Decentralised News Logo
Guides

Token Economics Explained Simply

A Guide to Token Engineering & Token Economic Models

What is Token Economics?

Token economics or token engineering involves studying economic models and token distributions of projects in the cryptocurrency market. Economic theories that are used within blockchain-enabled applications are generally referred to as cryptoeconomics. 

Popular Definitions of Cryptoeconomics

According to the University of Berkeley, the study of the incentives that secure blockchain systems is what is known as cryptoeconomics. Cryptoeconomics take into account the cost of verification and the cost of networking according to the MIT Cryptoeconomics Lab.

According to co-founder of Ethereum, Vitalik Buterin, cryptoeconomics involves ‘building systems that have certain desired properties; using cryptography to prove properties about messages that happened in the past; and using economic incentives defined inside the system to encourage desired properties to hold into the future’. A lead Ethereum developer Vlad Zamfir defined cryptoeconomics as a practical science that focuses on the design and characterization of protocols that govern the production, distribution, and consumption of goods and services in a decentralized digital economy.’

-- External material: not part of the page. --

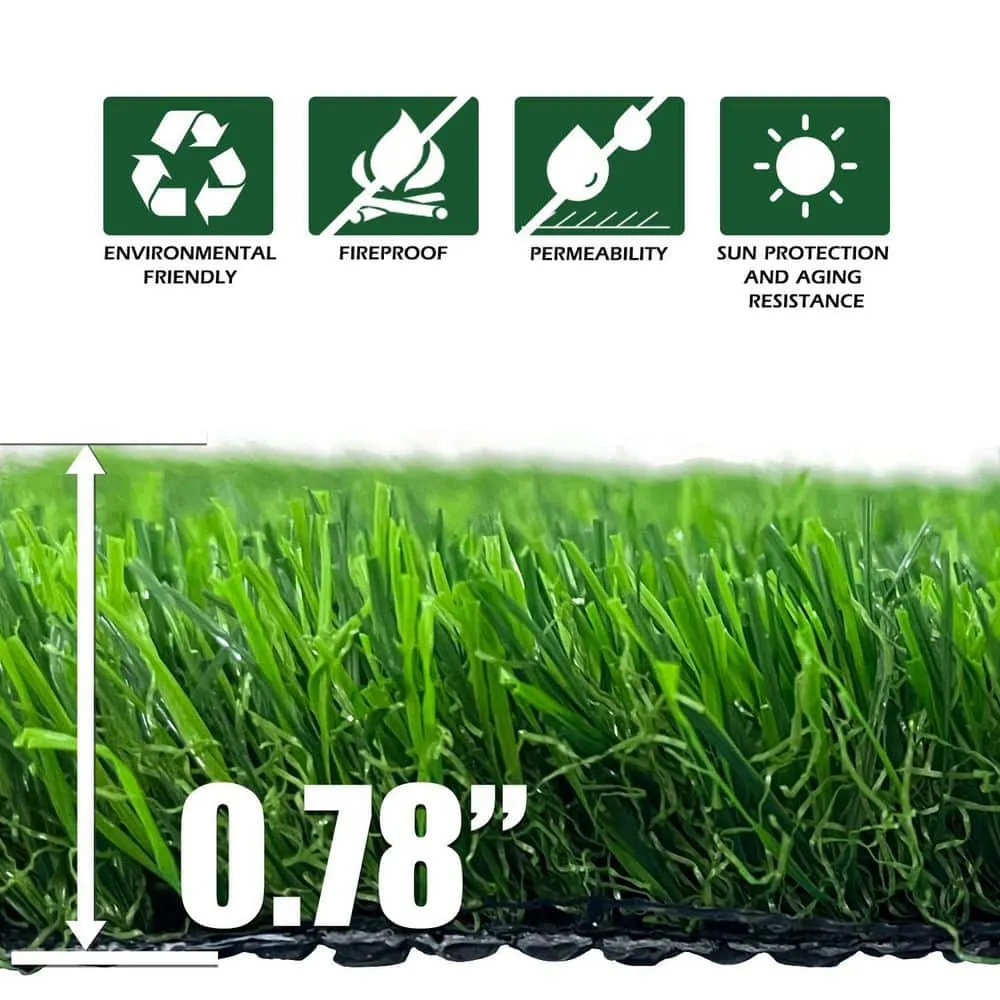 Agfabric 6 ft. x 10 ft. Green Artificial Grass Carpet 0.78 in. Mat for Outdoor Garden Landscape Balcony Dog Grass Rug, photo 4 of 8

Token Economy Considerations 

Blockchain technology is important for powering token-based ecosystems since it makes it possible for platform owners to commit to predetermined rules of token supply.

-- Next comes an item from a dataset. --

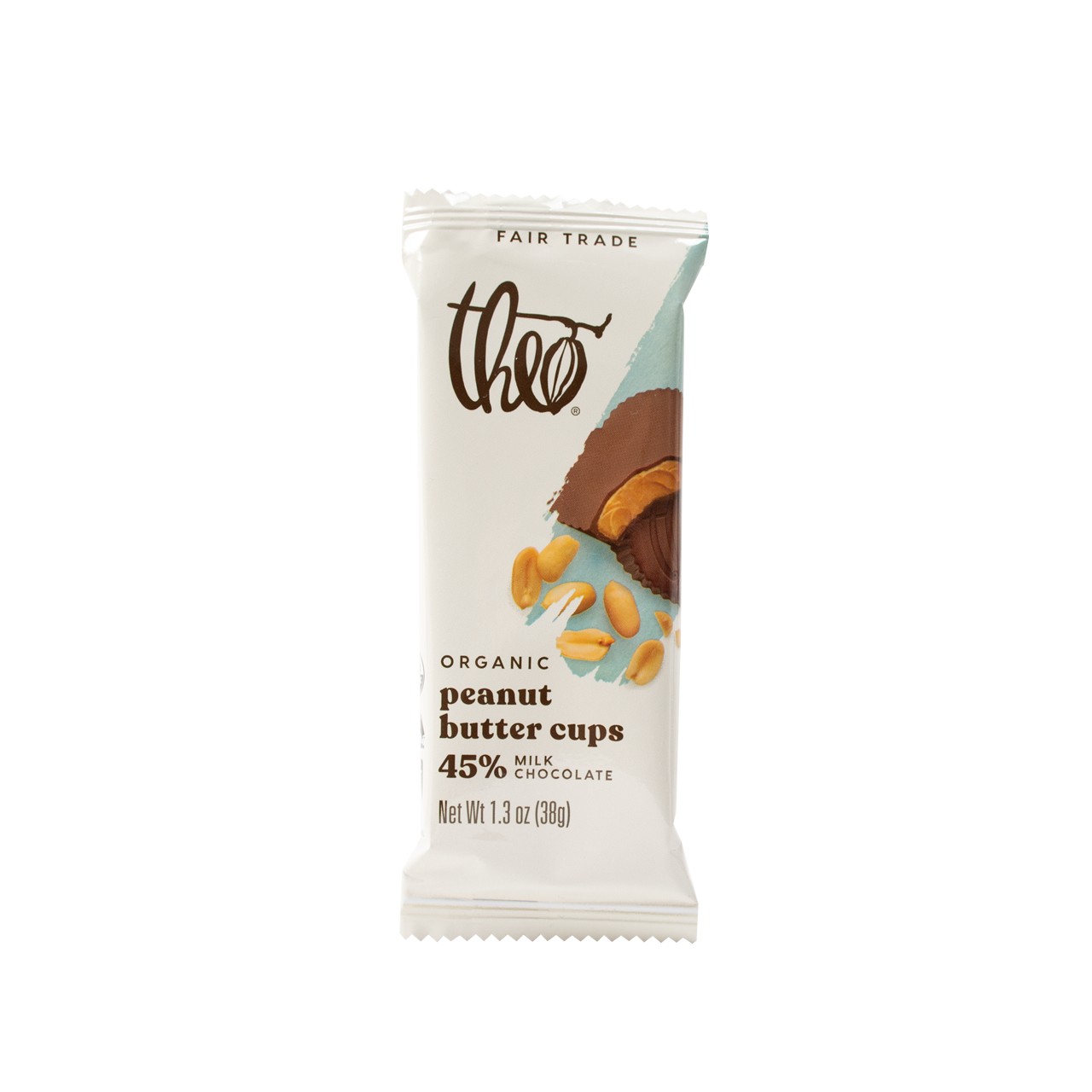 Theo Organic Peanut Butter Cups packaging on a white background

Tokens make it possible for users to transact with each other and access a pool of dispersed participants for their effort and resources in order to improve platform productivity. Since the participants are able to sell tokens to users, the amount of resources a platform can raise through token payment depends on the users’ valuation of tokens. By shifting ownership and control of a platform from initial equity holders to users through tokenization, users can be better protected.

In a continuous-time economy, there are three types of agents – platform owners, contributors, and a unit measure of users. The owners generally design the platform’s protocol. Contributors then devote efforts and resources that are required for the operation and continuing development of the platform. Users are the ones who then conduct peer-to-peer transactions and realize trade surpluses on the platform. A generic consumption good typically serves as the numeraire – this could be in the form of the platform’s native token. 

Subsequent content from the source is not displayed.